In this paper, we proposed a fuzzy reinforcement learning-based performance testing framework (SaFReL) that adaptively and efficiently generates the target performance test cases resulting in the intended performance breaking points for different software programs, without access to source code and system models. We used Q-learning augmented by fuzzy state modeling and an action selection strategy adaptation that resulted in a self-adaptive autonomous tester agent. The agent can learn the optimal policy to achieve the target (reaching the intended performance breaking point), reuse its learned policy when deployed to test similar software, and adapt its strategy when targeting software with different characteristics.

We evaluated the efficiency and adaptivity of SaFReL through a set of experiments based on simulating the performance behavior of various SUT programs. During the experimental evaluation, we tried to answer how efficiently and adaptively SaFReL can perform testing of different SUT programs compared to a typical stress testing approach. We also performed a sensitivity analysis to explore how the efficiency of SaFReL is affected by changing the learning parameters.

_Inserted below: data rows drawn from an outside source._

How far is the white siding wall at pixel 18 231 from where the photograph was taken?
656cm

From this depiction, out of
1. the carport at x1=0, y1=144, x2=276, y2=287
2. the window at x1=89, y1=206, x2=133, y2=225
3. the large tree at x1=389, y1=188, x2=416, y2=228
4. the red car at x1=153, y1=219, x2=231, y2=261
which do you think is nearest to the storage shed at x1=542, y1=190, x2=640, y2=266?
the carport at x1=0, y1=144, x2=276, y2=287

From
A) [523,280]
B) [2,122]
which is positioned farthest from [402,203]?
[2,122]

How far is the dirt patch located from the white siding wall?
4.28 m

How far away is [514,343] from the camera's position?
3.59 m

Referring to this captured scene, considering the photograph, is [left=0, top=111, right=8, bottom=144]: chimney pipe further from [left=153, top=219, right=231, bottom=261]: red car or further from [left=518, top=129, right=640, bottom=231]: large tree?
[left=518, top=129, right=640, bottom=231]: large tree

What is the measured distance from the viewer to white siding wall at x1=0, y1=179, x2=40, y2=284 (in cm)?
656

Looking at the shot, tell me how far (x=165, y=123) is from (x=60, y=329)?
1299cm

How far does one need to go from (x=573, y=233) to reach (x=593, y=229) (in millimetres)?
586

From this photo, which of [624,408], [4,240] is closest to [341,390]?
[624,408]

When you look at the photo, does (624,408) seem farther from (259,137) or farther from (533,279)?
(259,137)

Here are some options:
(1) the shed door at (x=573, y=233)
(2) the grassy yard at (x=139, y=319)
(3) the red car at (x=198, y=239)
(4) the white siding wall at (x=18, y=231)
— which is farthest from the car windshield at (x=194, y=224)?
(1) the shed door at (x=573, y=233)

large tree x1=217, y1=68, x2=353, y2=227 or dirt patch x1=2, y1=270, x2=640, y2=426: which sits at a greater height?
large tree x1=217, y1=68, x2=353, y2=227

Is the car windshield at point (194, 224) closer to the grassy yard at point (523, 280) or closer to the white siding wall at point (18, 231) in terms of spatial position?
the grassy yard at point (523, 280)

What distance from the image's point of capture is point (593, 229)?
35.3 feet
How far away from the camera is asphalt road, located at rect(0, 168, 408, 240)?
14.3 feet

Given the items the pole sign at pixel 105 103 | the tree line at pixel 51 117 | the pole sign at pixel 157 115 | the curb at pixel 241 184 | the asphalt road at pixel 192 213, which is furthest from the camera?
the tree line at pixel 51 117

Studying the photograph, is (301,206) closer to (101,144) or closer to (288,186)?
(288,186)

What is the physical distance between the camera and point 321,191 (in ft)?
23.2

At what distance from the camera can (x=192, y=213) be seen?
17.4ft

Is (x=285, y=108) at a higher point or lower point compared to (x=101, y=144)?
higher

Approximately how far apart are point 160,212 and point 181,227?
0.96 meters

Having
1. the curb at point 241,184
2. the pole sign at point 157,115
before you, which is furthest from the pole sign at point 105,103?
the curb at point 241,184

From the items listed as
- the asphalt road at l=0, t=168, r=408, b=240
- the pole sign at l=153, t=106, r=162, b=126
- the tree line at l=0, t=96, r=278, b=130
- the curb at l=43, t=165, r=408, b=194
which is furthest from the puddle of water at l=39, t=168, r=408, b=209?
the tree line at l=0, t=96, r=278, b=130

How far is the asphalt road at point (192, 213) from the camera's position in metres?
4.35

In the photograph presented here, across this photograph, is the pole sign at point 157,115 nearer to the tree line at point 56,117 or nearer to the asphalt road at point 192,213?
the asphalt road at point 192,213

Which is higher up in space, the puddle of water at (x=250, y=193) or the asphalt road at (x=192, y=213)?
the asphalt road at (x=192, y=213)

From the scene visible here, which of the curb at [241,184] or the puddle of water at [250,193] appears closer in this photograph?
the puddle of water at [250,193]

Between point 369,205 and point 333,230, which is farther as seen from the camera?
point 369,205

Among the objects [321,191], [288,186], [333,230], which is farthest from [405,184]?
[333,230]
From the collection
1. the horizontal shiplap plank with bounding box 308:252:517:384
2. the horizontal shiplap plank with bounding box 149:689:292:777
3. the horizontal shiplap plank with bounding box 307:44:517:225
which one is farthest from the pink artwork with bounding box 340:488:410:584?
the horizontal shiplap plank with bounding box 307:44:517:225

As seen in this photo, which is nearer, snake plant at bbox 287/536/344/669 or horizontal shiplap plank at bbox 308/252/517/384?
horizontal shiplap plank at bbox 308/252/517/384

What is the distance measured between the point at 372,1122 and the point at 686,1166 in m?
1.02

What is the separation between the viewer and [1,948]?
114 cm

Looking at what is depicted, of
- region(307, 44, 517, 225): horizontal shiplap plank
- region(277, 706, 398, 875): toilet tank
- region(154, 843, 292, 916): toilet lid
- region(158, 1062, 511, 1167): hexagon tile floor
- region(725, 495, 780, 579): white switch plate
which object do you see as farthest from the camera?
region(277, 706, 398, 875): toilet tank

We believe that the main strengths of using the intelligent automation offered by SaFReL are 1) efficient generation of test cases and reduction in computation time, and 2) less dependency on source code and models. Regarding applicability, we believe that SaFReL could be beneficial to the testing of software variants, evolving software during the (CI/CD) process, and regression performance testing. Applying some heuristics and techniques to speed up the exploration of the state space like using multiple cooperating agents, and also extending the proposed approach to support workload-based performance test cases are further steps to continue this research.